My first 2 days of research were at the University of Castilla La Mancha at the Ciudad Real campus.  They have a section of the literature department that focuses on Quixote images - both the illustrations and engravings from the editions of the book itself and the popular and cultural iconography that followed.  I found maybe twenty-five different political cartoons of one personality or another on horseback tilting at a windmill of some sort.  The ability to do that in a cartoon testifies to the universality of Don Quixote and provides a good case study on how metaphor works, even visually.  That’s going to be a big part of my thesis, so I ain’t gonna write about it here (you’re off the hook). 

On Tuesday I took the train from Madrid to Ciudad Real and stayed in a hotel in Ciudad Real for a night.  I took the subway from my hotel down to the train station, but I had to sort out the short range train station (not the subway) from the medium-range train station.  It took a little while but I figured it out.  There’s always a sense of dislocation in an unfamiliar place and one has to feel one’s way through the procedures and systems.  I’ve been on trains and subways before, but not this train.  I had to ask someone how to get to the “Aves” (the Birds), the fast trains, instead of the local trains.  Once I got on the correct train, I didn’t realize the seats were assigned.  The boarding pass had a space on it that read “Plaza” to tell you what seat you were assigned which would have read “Asiento” anywhere else I’ve been in the Spanish-speaking world.  So I got kicked out of the seat I first sat in by the rightful ticket holder.  The one I was really assigned to was occupied by someone with a group that I didn’t feel like trying to break up.  So I wound up sitting in one of the throwup seats (backwards facing) with the sun beating down on it.  When foreigners seem clueless and make silly mistakes or seem out of place when they come to the states it’s more than just a question of language.  It’s more due to the unfamiliarity of a completely different system. 

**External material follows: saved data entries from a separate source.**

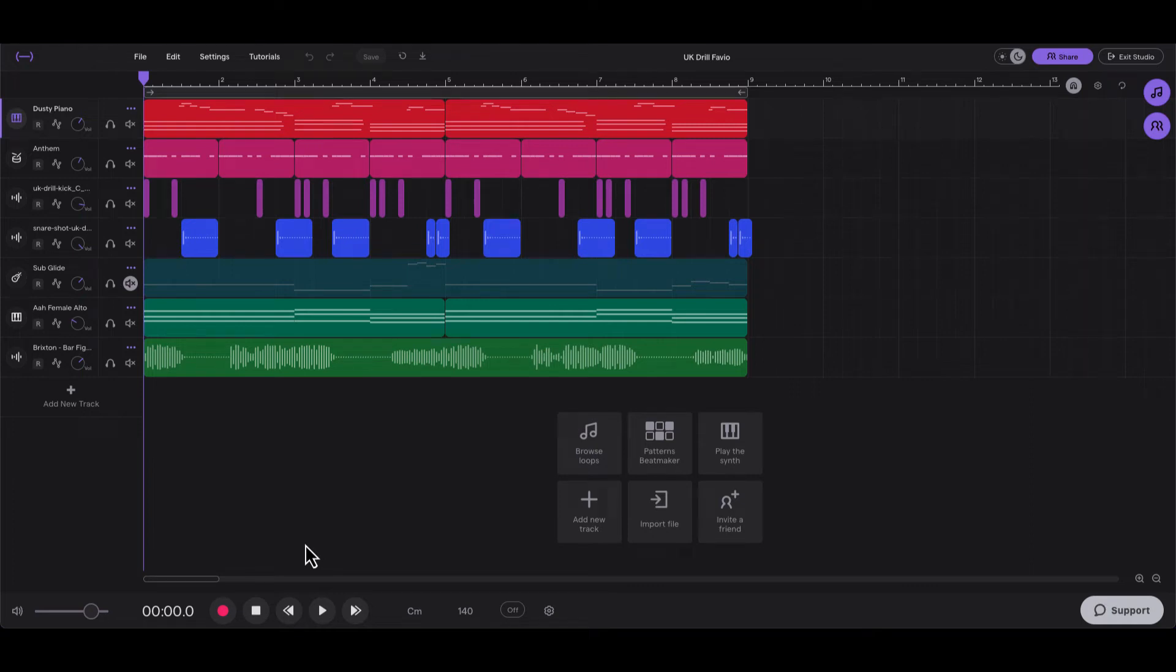What up everybody, it's your girl July from Youth on Record, and today I'm going to show y'all how to make a UK drill beat. How to start it, it's going to sound like this.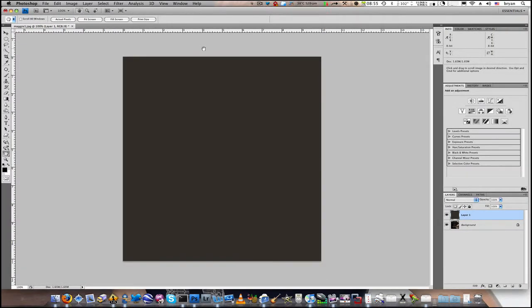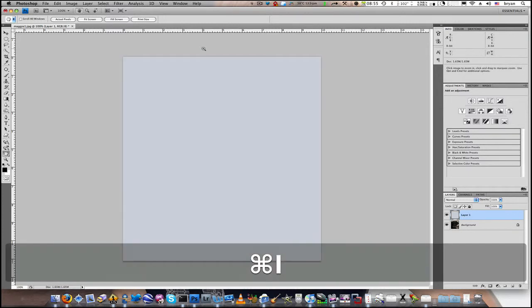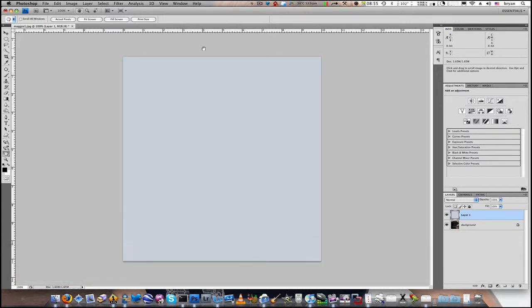In order to remove the color cast, we're going to need to invert the image. So let's hit Command I on Mac or Control I on PC.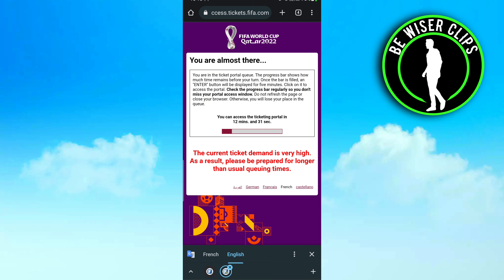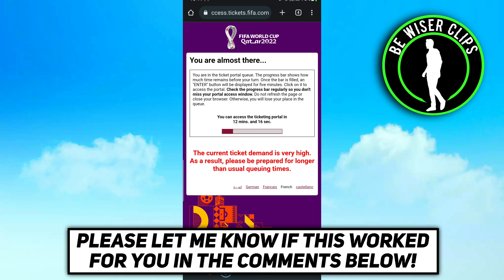After that, you will come up with a page where you have to fill in the dates or the match you want to see, then make a payment for that particular match. That's all for this video — I hope this video was a great help to you.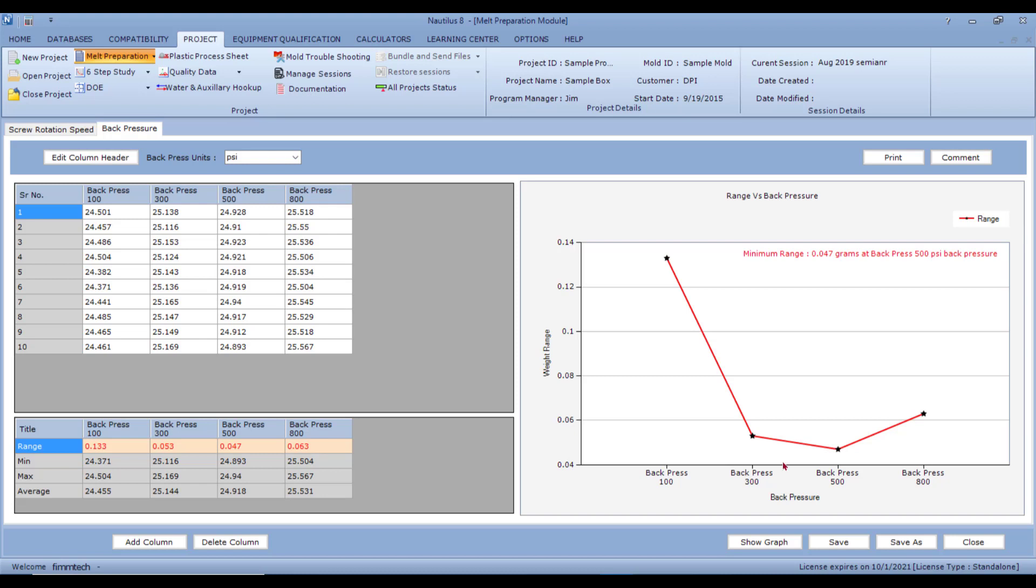So from this worksheet, you can select the back pressure value. Again, like all graphs, enter the values here, click on the show graph button and generate the graph.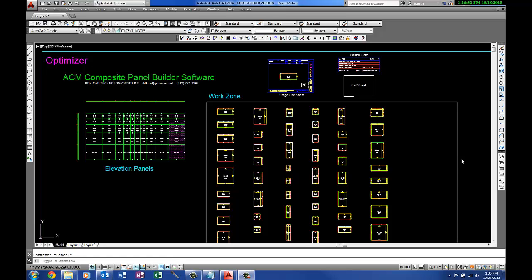Hey, welcome back to the DDK CAD Technology Systems Composite Panel Builder Software Demonstration Series. In this session, we want to talk about the optimizer utility, which is available for those who don't have an optimizer built into their panel builder or CNC software.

Speaking of high-speed trains, they’re great.  I’d love it if we had high-speed trains from College Station to Austin, San Antonio, Dallas and Houston.  But if you took a train to Houston, what would you do then?  Houston doesn’t have an extensive public transpo system with buses and a subway.  Texas is built for the individual driving his or her car - or pickup truck if you’re not a wuss.  You don’t take public transportation unless you’re poor and you don’t walk or ride a bike unless you’re a kid younger than sixteen.

Anyway, the folks at Ciudad Real were great to me.  The skids were greased by the relationship that my committee chair, Eduardo Urbina, has with the people there.  The main guy that took care of me, Oscar, took me with him to lunch, dinner and the coffee breaks.  Most people here don’t eat any breakfast to speak of - maybe a piece of bread with coffee.  Coffee’s where it gets a little complicated.  You need to know what you’re asking for.  You can’t just go up there and say, “café.”  Café solo is an expresso.  Café con leche is some coffee with a lot of milk.  But you have to specify if you want the milk they add to be warm or cold or a mix of both.  If you want an expresso with a little milk you order a cortado.  If you want a lot of milk with a tiny bit of coffee you order a leche manchada (literally "stained milk").  Nobody really eats breakfast more extensive than a piece of toast.  Although I don't discount the possibility of someone among the three million in Madrid whuppin up some Huevos Rancheros for breakfast here, it seems to me that IHOP or Waffle House wouldn’t make it in Spain (or Chile).  It's just not in the culture to eat a big breakfast.  You take a coffee break at about 11 in the morning or so, you eat lunch at about 2:30, and supper no earlier than 9 pm.  The supper, properly done, lasts until about 11:30 pm.  It doesn’t take that long to eat, you just take your time and talk to each other for two and a half hours, even after you’re done eating.  None of this chowing down and getting up to go watch TV.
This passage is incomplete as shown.